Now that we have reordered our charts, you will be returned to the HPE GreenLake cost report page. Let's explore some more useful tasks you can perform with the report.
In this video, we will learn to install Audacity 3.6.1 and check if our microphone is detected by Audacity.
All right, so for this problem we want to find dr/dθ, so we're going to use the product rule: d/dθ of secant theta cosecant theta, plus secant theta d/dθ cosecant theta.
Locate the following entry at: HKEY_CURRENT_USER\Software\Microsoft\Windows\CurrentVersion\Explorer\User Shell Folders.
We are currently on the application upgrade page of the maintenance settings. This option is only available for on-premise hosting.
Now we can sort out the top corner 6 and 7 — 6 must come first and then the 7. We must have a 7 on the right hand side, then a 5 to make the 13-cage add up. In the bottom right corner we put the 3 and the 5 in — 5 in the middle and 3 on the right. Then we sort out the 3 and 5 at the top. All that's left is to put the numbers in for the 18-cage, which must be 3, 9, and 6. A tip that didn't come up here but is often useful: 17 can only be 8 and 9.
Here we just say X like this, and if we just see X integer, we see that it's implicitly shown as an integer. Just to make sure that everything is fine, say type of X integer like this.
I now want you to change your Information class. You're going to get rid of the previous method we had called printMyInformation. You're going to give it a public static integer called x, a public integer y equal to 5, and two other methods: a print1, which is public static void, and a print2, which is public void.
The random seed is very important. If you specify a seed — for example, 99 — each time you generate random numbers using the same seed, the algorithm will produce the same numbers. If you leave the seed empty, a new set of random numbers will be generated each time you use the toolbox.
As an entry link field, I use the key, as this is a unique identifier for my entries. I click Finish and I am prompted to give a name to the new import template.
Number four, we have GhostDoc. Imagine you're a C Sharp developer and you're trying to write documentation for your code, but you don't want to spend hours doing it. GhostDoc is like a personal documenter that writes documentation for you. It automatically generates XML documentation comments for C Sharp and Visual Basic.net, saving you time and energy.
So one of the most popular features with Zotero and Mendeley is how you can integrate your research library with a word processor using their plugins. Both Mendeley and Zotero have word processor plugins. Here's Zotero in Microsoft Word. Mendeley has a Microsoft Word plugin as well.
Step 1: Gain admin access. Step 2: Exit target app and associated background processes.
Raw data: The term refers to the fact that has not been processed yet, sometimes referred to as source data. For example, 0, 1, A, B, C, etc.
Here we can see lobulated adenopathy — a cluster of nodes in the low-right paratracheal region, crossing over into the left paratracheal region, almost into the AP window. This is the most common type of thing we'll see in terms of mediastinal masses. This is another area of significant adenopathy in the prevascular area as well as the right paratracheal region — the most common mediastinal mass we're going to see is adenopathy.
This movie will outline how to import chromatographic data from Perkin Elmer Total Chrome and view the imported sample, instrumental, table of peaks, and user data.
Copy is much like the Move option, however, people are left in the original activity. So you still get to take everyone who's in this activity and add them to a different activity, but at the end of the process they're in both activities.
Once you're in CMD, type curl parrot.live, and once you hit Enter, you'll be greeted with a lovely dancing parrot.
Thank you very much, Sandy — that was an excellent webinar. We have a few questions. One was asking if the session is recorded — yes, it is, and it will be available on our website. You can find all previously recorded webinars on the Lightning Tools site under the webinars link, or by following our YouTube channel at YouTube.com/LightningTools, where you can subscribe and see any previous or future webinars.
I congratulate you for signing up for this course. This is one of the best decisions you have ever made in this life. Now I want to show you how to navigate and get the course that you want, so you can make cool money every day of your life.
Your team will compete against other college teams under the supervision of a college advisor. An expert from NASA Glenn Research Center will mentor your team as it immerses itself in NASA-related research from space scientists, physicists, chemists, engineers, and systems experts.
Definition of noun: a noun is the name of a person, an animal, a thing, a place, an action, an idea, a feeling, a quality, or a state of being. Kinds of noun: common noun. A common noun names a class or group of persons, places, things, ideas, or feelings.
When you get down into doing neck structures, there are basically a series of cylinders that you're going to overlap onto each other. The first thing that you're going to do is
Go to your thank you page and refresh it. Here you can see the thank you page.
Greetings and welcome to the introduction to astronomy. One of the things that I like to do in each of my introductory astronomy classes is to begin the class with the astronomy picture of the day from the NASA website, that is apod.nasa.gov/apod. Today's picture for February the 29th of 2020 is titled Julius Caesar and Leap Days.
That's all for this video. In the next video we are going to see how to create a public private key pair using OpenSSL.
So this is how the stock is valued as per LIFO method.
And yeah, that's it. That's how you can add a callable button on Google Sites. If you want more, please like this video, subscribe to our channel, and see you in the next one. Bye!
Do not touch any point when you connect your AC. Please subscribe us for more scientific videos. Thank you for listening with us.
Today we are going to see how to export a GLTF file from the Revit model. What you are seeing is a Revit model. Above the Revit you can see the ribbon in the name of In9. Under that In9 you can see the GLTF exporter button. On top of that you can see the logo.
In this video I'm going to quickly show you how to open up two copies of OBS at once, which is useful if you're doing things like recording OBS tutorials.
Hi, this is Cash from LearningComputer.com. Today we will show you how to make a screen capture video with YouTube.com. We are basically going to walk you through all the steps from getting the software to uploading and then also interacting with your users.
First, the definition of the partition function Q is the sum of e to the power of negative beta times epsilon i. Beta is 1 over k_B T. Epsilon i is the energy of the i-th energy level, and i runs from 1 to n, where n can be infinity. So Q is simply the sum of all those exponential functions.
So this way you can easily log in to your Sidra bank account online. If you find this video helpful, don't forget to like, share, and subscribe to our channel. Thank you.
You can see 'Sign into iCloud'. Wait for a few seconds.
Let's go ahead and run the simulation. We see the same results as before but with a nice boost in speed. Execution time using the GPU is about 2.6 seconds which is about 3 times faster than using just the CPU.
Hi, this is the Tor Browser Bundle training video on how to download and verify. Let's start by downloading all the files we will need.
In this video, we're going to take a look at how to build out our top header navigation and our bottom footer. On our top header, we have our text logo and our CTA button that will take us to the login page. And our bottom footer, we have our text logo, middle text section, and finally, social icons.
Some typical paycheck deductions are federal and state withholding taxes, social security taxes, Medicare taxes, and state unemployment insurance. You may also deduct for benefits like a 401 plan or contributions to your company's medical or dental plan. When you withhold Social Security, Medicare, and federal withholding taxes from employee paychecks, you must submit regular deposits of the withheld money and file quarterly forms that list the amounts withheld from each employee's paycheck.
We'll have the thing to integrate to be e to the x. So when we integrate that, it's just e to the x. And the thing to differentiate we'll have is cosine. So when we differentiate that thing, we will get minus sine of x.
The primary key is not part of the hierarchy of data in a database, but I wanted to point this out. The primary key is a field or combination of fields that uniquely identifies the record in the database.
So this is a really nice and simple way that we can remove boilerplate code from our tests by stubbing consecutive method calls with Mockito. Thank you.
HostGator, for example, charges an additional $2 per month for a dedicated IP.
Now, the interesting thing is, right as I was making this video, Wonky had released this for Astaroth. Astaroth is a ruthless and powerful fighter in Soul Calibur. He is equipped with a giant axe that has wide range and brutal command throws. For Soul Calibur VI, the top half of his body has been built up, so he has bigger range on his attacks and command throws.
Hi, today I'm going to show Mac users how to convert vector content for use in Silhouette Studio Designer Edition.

+ + + + +

For the data shown above, give the number of lines where the word "integer" appears, and nothing else.

## SOLUTION TO THE PROBLEM
2